You can navigate the notebooks using the three-stripe menu button in the upper-left corner on mobile devices or the table of contents panel on the left side of the browser window.

Getting Started

  1. Run in your browser: The notebooks are designed for in-browser execution using platforms like Binder or JupyterLite. Click on the links to launch the interactive environment.
  2. Run & Experiment: Execute the code cells, modify parameters, and observe how the results change.

Contributing

We welcome contributions! If you'd like to improve isle by:

  • Fixing bugs
  • Adding new notebooks or exercises with an economics focus
  • Improving existing content
  • Suggesting enhancements

Please follow these steps:

  1. Fork the repository on GitHub.
  2. Create a new branch for your changes.
  3. Make your changes and commit them with clear, concise messages.
  4. Submit a pull request to the main branch of the isle repository.

License

This project is licensed under the MIT License - see the LICENSE file for details.

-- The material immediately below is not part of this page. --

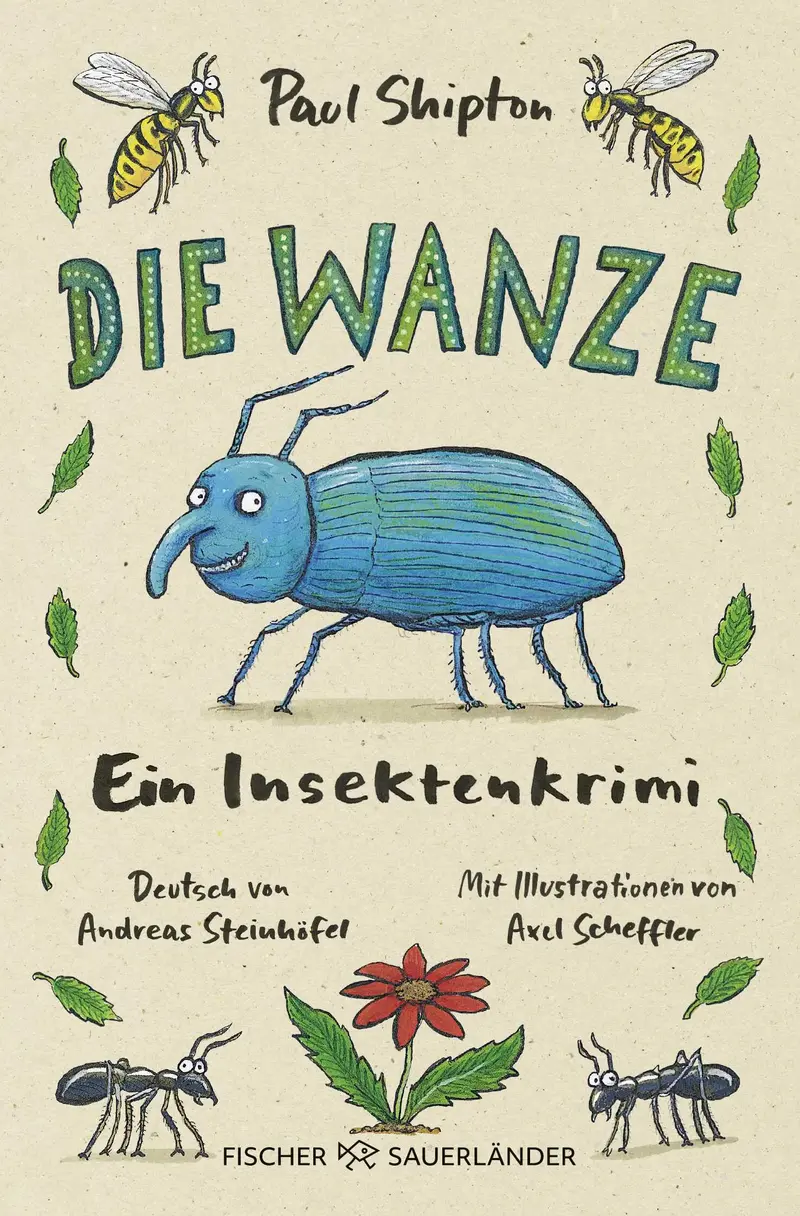 Die Wanze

"An Introduction to Statistical Learning" and its associated materials have their own licensing terms, which should be respected.

Acknowledgements

  • Gareth James, Daniela Witten, Trevor Hastie, Rob Tibshirani, and Jonathan Taylor for their outstanding book, "An Introduction to Statistical Learning."
  • The developers of the Python libraries used in isle, including statsmodels, scikit-learn, pandas, and numpy.
  • The Executable Book Project for developing MyST and Thebe.
  • The open-source community for their invaluable contributions to statistical learning and data science.

Embark on your statistical learning journey with isle and discover its power in the realm of economics!